## INFORMATION
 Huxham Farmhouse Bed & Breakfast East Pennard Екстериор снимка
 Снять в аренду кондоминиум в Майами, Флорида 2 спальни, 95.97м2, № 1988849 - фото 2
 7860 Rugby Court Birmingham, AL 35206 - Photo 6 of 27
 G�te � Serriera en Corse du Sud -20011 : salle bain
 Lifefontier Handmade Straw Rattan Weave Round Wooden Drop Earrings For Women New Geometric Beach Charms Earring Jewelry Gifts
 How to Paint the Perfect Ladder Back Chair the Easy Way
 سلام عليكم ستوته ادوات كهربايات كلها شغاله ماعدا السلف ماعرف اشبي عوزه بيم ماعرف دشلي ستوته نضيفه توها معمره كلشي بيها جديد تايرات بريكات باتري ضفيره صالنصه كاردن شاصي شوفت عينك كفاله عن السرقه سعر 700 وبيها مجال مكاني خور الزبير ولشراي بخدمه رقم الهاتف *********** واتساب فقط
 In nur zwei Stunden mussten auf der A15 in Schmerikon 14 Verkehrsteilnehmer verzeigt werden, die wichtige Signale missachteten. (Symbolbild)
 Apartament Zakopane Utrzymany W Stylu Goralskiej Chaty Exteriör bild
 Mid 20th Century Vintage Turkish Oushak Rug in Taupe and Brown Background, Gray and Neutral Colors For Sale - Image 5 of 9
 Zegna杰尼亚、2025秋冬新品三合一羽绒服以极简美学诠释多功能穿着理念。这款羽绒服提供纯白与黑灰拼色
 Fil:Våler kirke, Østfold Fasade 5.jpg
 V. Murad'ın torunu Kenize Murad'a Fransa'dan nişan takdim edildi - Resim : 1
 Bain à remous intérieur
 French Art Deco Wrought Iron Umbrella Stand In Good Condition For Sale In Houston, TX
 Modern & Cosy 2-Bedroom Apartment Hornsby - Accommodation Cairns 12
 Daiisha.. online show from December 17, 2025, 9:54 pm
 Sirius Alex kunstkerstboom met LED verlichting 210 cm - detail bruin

## TASK DETAILS
The result should be the lines from the line with "Mid 20th Century" to the last line of the material, returned exactly and without any other line.

## EXERCISE RESULT
 Mid 20th Century Vintage Turkish Oushak Rug in Taupe and Brown Background, Gray and Neutral Colors For Sale - Image 5 of 9
 Zegna杰尼亚、2025秋冬新品三合一羽绒服以极简美学诠释多功能穿着理念。这款羽绒服提供纯白与黑灰拼色
 Fil:Våler kirke, Østfold Fasade 5.jpg
 V. Murad'ın torunu Kenize Murad'a Fransa'dan nişan takdim edildi - Resim : 1
 Bain à remous intérieur
 French Art Deco Wrought Iron Umbrella Stand In Good Condition For Sale In Houston, TX
 Modern & Cosy 2-Bedroom Apartment Hornsby - Accommodation Cairns 12
 Daiisha.. online show from December 17, 2025, 9:54 pm
 Sirius Alex kunstkerstboom met LED verlichting 210 cm - detail bruin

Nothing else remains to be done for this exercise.